If this is your first year doing this series, we recommend starting with an orientation meeting using the August 2018 material before starting our current series with September.
Overview: The highly televised national uprising against police violence in Black communities this summer reminded us of the importance of having difficult conversations around race, racism, and antiracism. Yet it is too easy, especially for us as white educators, to focus on traumatic experiences of racism in these conversations while ignoring the need for Black joy in our schools. Furthermore, the constant under-resourcing of predominantly Black and Brown school districts guts arts and extracurricular programs that nurture Black joy. Bettina Love, in the portion of the interview that serves as our primary text this month, reminds us that we cannot have liberation without Black joy.
Chante Joseph writes: “To resist the omnipresent, intrusive and pervasive nature of white supremacy, we must also allow ourselves to be rebelliously joyous. Where society has told us to “be quiet”, and that we’re “too loud” and “too different”, it is an act of resistance to revel in the joy that they have spent much of history trying to take away from us”
Last month, our inquiry series invited you to identify the ways in which white supremacy culture shows up in your schools and teaching practices. One way we can resist white supremacy culture is by embracing Black joy in our schools. So, this month we encourage you to set clear and concrete goals for yourself so that you leave this inquiry series ready to make the necessary changes to elevate Black joy. We’ve included some additional resources that include poetry since writing, poetry, and visual art are all beautiful access points to Black Joy. Consider how you can center student voice and create space for them to control their narrative, share their stories, and celebrate who they are.
Next month, you will have the opportunity to both reflect on your white supremacy culture tracker we invited you to use last month and engage in accountability check-ins on the goals you set for yourself this month.
How can we as white educators center Black joy, without appropriating it, in our classrooms and schools?
For those of us who do not teach in classrooms with Black students, what does embracing and elevating Black joy look like? Why is it important for white students and students of color who are not Black to see Black joy represented in the curriculum?
In We Want to Do More Than Survive, Bettina Love writes that “white folx can embrace Black joy by helping, advocating for, and wanting Black folx to win.” What does this look like in your school or organization?

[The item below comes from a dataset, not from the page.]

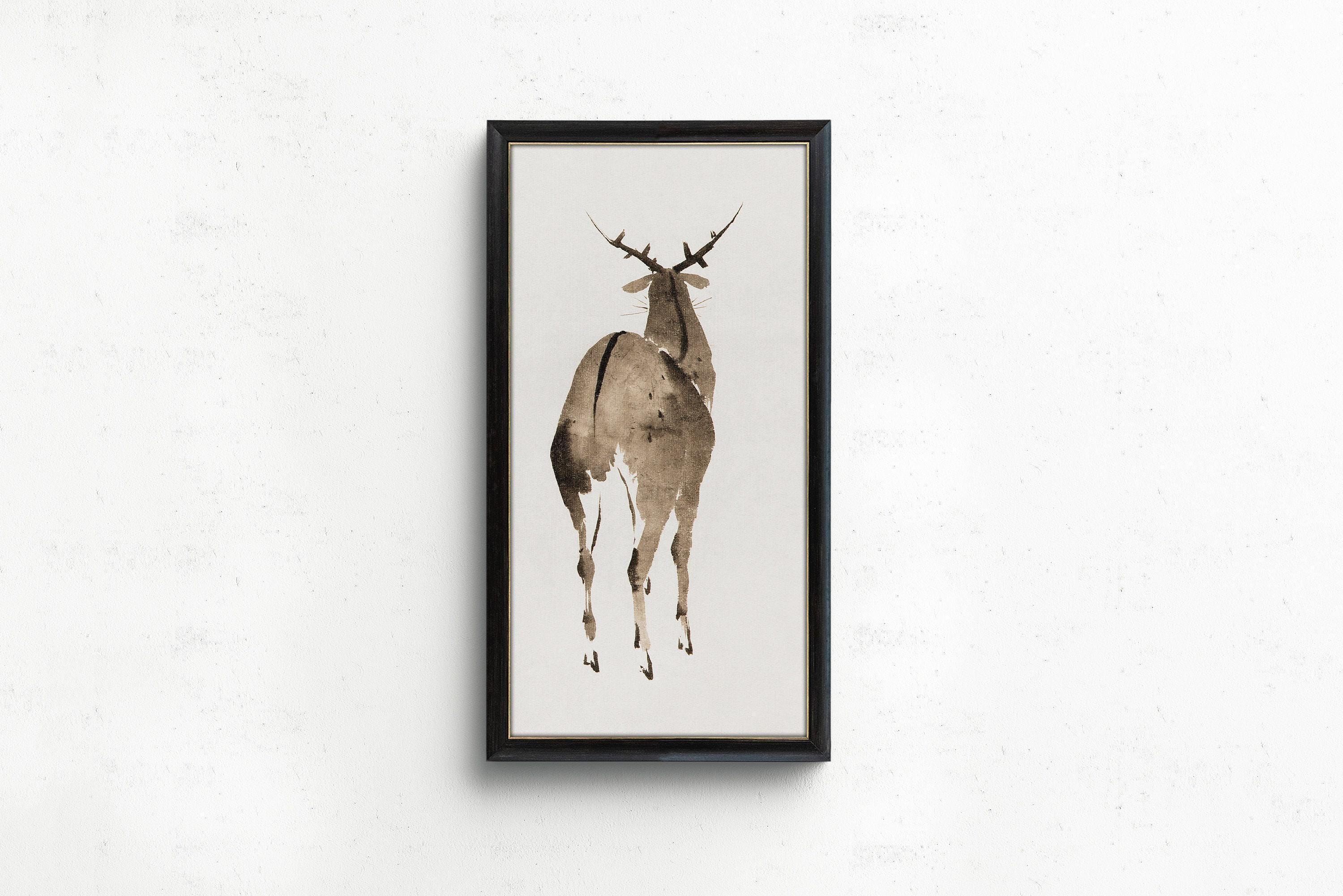 Katsushika Hokusai - Deer | PRINT | Vintage Minimalist Narrow Vertical Asian Art (available handframed or unframed) 2x1 - 9ArtPrints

After discussing the questions above, take the time to set a concrete goal for yourself. How will you elevate Black joy in your classroom and school? Next month, we will ask that your group take the time to check in with each other on progress towards your goals to hold each other accountable.
Additional Readings: If you feel one of these is better suited to your group, feel free to use as a primary. We have placed an asterisk next to readings with BIPOC authors.
Teaching to Transgress by bell hooks (particularly chapters 1, 7, and 10)
Facilitation Reference Guide:
Set a day and time for your group to meet - Make sure to send reminders. If you’re meeting in person, snacks are always a good idea!
Send this month’s Primary Articleto your group. Look through the additional readings to see if there is another reading that might be better suited to your group and its interests.
Prepare yourself for October by setting a date and time, inviting colleagues, and looking out for our next Discussion Guide on November 1st.
Feedback Form: As we grow in year three, we hope that one person in your group can take a few minutes to fill out our feedback form to let us know how it went.
Here is a few takeaway from previous meetings:
Pass The Hat: In addition to being accountable to our colleagues and students of color, we believe it is important to be financially accountable to people of color who are doing this work on a daily basis. Each month, we will recommend an organization led by people of color, in education and beyond, doing the work of pushing for justice.
At the end of each monthly discussion, pass a hat (or a box) and collect donations for the designated organization. You can then have one group member go online and donate in the name of your school. If you want, you can add “Building Anti-Racist White Educators” after your school name.
This month, we encourage you to donate to the Black Girl Freedom Fund. The Black Girl Freedom Fund will support work that advances the well being of Black girls and their families, including work that centers and advances the power of Black girls through organizing, asset mapping, capacity-building, legal advocacy, and narrative work that seeks to shift structural violence enacted against Black girls.
This includes efforts like the Black Girls Dream Fund, a 10-year fundraising initiative launched by the Southern Black Girls and Women’s Consortium (SBGWC) to raise $100 million to financially empower the goals of Southern Black girls and women in the United States.